The 1893 Shamrock, built by the Mimna Brothers, is Canada's second oldest registered car and first internal combustion engine. The oldest car in Canada is the 1867 Henry Seth Taylor Steam Buggy built in Stanstead, Quebec.

History
William Mimna and his brother Charles were stonemasons who lived in the small town of Wardsville, located on the Thames River, north of Chatham, Ontario. The brothers began a quest to build their own automobile in 1893. William worked on the car in Wardsville, Ontario for many years on his own without much help from anyone else. In 1904 he finally finished his vehicle, and some speculation has been put into the year the vehicle should be placed in. However one Wardsville resident remembers the vehicle in its early years back in 1893, and thus the vehicle has been dated to that year.

The making of the car was originally inspired by steam locomotives, however William decided that gas-powered engines was going to rule the day in transportation so this is what he built. The car ran on one cylinder, put together from whatever parts the two brothers could find in Montreal, Hamilton, Toronto and Detroit, Michigan. Instead of a transmission the Shamrock had a system of belts and clutches helping it to run. The vehicle was named Shamrock the First, and without being aware of it the Mimna Brothers became a part of Canadian history.

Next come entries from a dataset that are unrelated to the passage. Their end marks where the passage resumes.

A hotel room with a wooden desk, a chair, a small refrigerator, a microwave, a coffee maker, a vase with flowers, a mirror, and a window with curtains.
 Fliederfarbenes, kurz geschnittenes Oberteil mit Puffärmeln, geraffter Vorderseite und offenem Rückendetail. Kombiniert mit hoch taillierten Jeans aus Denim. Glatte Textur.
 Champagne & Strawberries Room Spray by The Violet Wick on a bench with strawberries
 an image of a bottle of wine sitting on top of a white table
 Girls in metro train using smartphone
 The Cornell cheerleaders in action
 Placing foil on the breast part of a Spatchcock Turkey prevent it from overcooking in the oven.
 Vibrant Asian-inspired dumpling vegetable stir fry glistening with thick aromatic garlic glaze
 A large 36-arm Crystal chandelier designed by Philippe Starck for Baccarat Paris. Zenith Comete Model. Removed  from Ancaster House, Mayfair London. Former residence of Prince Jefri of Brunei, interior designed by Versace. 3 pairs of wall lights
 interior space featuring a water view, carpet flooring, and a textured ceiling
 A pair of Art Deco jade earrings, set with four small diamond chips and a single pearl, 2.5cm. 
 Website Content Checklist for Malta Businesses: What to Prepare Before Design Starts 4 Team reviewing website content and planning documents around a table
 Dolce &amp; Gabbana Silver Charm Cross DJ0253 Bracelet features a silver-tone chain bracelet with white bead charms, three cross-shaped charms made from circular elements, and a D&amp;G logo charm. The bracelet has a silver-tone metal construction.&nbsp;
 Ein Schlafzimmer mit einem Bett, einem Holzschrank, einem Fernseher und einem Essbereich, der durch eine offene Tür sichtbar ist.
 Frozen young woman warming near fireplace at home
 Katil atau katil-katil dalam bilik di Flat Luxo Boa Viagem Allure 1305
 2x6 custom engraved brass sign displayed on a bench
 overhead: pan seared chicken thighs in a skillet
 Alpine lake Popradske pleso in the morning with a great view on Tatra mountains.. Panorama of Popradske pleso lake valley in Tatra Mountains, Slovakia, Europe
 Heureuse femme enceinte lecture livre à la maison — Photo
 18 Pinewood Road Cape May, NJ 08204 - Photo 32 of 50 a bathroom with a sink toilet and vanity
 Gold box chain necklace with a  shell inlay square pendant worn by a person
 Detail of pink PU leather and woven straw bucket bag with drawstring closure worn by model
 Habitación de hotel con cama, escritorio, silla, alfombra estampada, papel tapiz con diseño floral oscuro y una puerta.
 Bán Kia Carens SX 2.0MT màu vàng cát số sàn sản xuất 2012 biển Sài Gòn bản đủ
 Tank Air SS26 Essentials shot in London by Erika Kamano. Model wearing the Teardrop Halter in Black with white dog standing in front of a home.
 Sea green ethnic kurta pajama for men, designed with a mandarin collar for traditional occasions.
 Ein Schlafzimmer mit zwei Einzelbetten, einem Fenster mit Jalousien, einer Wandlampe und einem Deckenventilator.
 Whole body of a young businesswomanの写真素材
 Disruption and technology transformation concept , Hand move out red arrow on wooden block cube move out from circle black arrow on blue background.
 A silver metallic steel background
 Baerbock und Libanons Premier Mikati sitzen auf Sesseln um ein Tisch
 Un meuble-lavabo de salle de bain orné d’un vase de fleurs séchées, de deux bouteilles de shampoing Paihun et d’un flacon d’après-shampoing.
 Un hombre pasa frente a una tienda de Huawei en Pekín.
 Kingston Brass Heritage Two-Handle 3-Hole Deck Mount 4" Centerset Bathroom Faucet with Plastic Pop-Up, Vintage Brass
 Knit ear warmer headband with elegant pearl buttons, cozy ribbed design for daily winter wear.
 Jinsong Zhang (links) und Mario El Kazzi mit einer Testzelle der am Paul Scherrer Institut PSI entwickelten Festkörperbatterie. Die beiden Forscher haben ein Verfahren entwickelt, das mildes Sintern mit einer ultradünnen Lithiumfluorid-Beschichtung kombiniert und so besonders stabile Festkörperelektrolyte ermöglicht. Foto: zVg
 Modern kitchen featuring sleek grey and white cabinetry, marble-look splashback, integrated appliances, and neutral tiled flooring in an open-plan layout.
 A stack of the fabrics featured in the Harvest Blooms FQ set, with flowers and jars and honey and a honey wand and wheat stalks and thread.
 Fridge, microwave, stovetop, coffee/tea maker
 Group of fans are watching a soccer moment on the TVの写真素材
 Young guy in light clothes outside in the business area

Problems and competition from Henry Ford
Canada's first registered car and first internal combustion engine vehicle was not exactly successful however. The vehicle was unable to climb hills with its homemade engine, so the brothers decided to replace their engine with a French one, in hopes that it would have more power and be more efficient. However this did not help as the vehicle still would not climb hills or exceed 10 miles per hour, on level ground. In 1910, six years after completing the car, the brothers made some improvements by adding pneumatic tires and a steering wheel. By this time however Henry Ford was already mass-producing his own vehicle in Detroit. In 1893 Ford was promoted at the Edison Illuminating Company in Detroit to Chief Engineer giving him the time and money to devote his time to the creation and mass manufacturing of the automobile.

In 1914, the brothers had a renewed interest in the vehicle and built Shamrock the Second, from stock parts from other cars. This car was built exactly the same as the First but was faster. This speed was not such a positive thing however, especially with the lack of a proper braking system. William hit a cow in his hometown, and the car was thus totalled and never salvaged.

Today Shamrock the First rests at the Canadian Transportation Museum and Heritage Village, where it still runs. This museum is located in Kingsville, Ontario, just outside the Detroit-Windsor border, and is home to over 60 vehicles, covering all forms of Canadian automotive history.